> _WORK TO BE COMPLETED_
Go through the listing below and retype exactly the lines starting at the one with "Mens 100% Cotton" and ending at the one with "qalmoqir koni mis", skipping pictures.

> _RAW DATA_
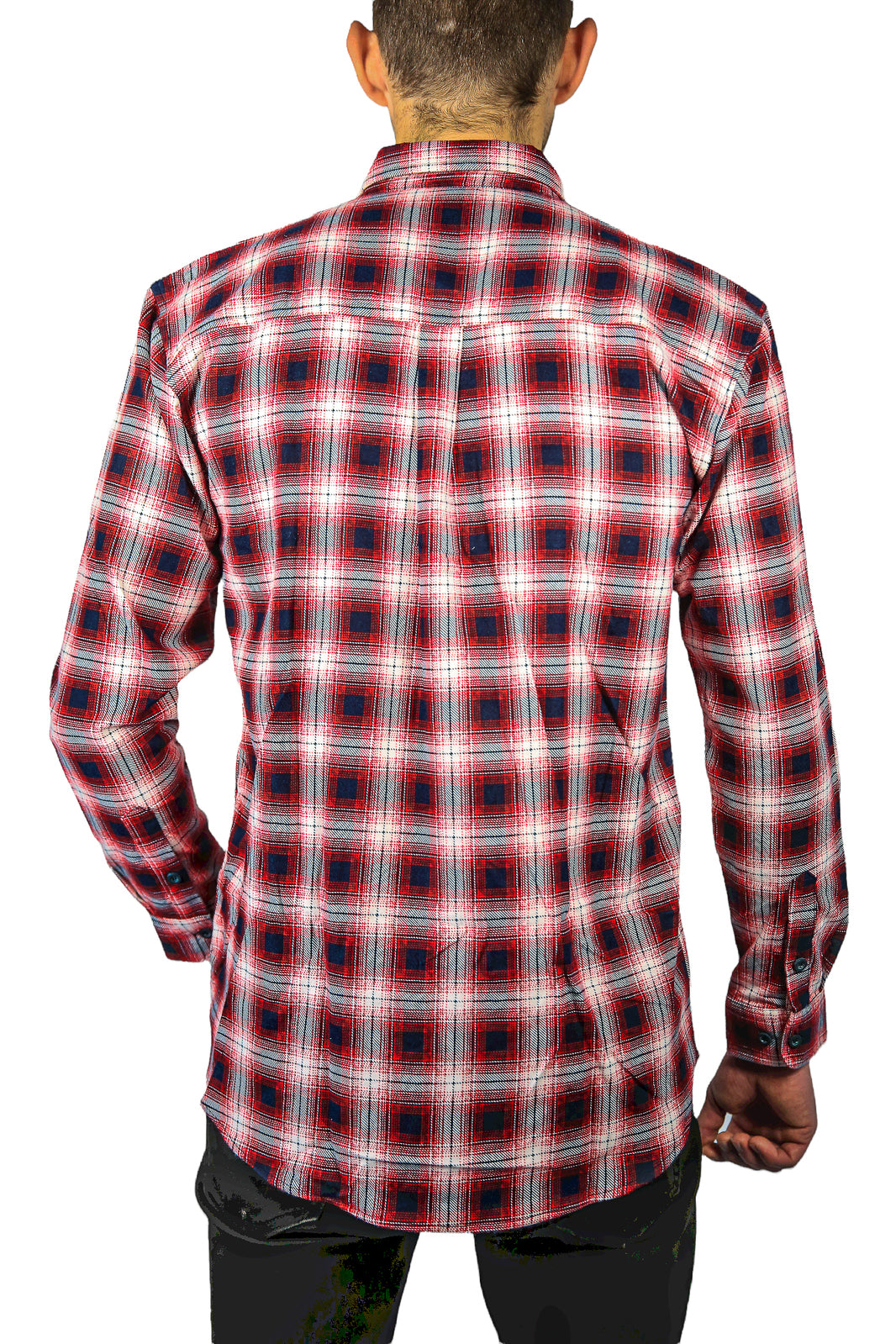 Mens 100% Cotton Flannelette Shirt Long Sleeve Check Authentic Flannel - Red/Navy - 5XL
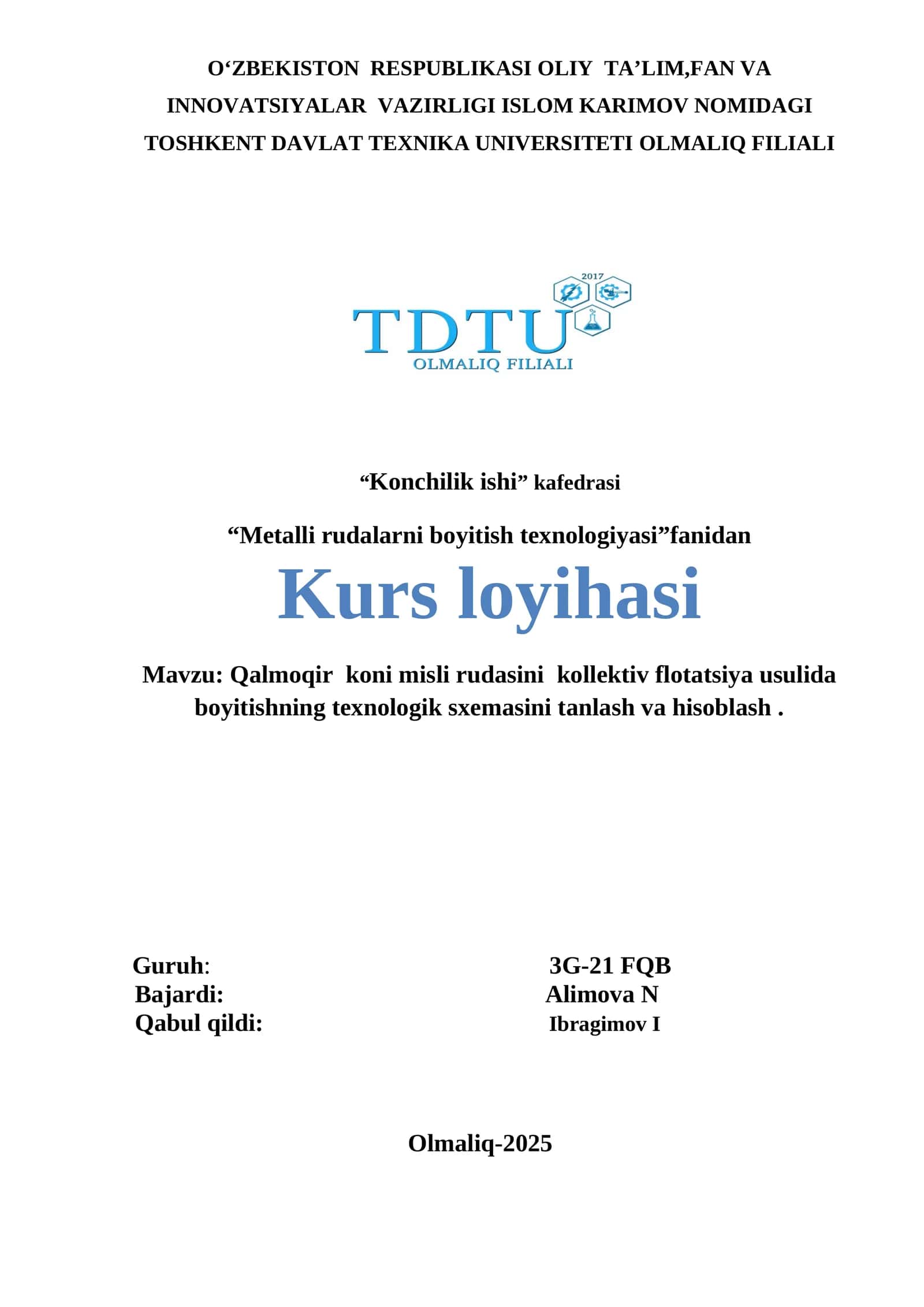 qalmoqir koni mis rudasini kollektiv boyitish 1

---

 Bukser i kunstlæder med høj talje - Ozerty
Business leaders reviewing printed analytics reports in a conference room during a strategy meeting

> _ANSWER TO THIS PROBLEM_
 Mens 100% Cotton Flannelette Shirt Long Sleeve Check Authentic Flannel - Red/Navy - 5XL
 qalmoqir koni mis rudasini kollektiv boyitish 1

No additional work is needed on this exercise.